Region finds pathway to excellence leads to Waikato

Regio Pathway

In 2015, the University of Waikato launched a new initiative with the secondary schools and communities of South Waikato.

Te Ara ki Angitū: Pathways to Excellence is being led by the University’s Director of Māori Advancement, Joseph Macfarlane (pictured), and is designed to provide a pathway to university study by alleviating the barriers of affordability and transport, and installing quality support to guide students through the transition to university.

It includes heavily subsidised bus transport between the University of Waikato and Tokoroa and Putaruru, fees scholarships, university learning hubs in the high schools, and the provision of student learning devices based on need. The first student cohort of Te Ara ki Angitū: Pathways to Excellence will start university study in A Semester of 2016.

‘Te Ara ki Angitū’ is about potential, opportunity, success and excellence, and in this context, it refers to students who have the potential and the aspiration to study at university, and through this programme, now have the opportunity to make the aspiration a reality – to be on a pathway of excellence and success through university study.

The initiative was developed following discussions between University of Waikato Vice-Chancellor Professor Neil Quigley, and the four high school principals in Tokoroa and Putaruru about improving access to the University for Year 13 students.

Professor Quigley says university participation rates in the Waikato region could be higher, but more needed to be done to make the University of Waikato a practical option, particularly for those living in rural areas.

“We want students who have the potential and the aspiration to attend university to also have access to the opportunity that makes it a realistic and viable option. This requires positive collaboration between the University, the schools, families and the communities.”
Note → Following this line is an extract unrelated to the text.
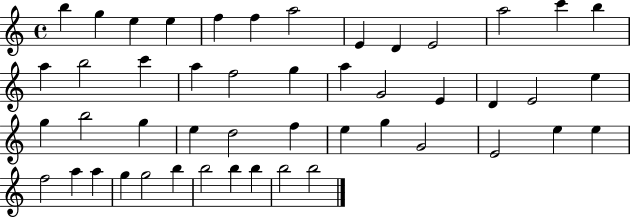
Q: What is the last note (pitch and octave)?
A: B5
More than 20 students were awarded a $5,000 University of Waikato Tokoroa and Putaruru School Leaver Scholarship: Te Ara ki Angitū in 2015 to study at Waikato in 2016.

3 Minute Thesis

The Three-minute Thesis competition requires students to present their research to a lay audience in three minutes using a single PowerPoint slide. The 2015 winner was Neda Nourmohammadi (centre) from Iran, with Sarah Lockwood runner-up and Jason Sun winner of the people’s choice award.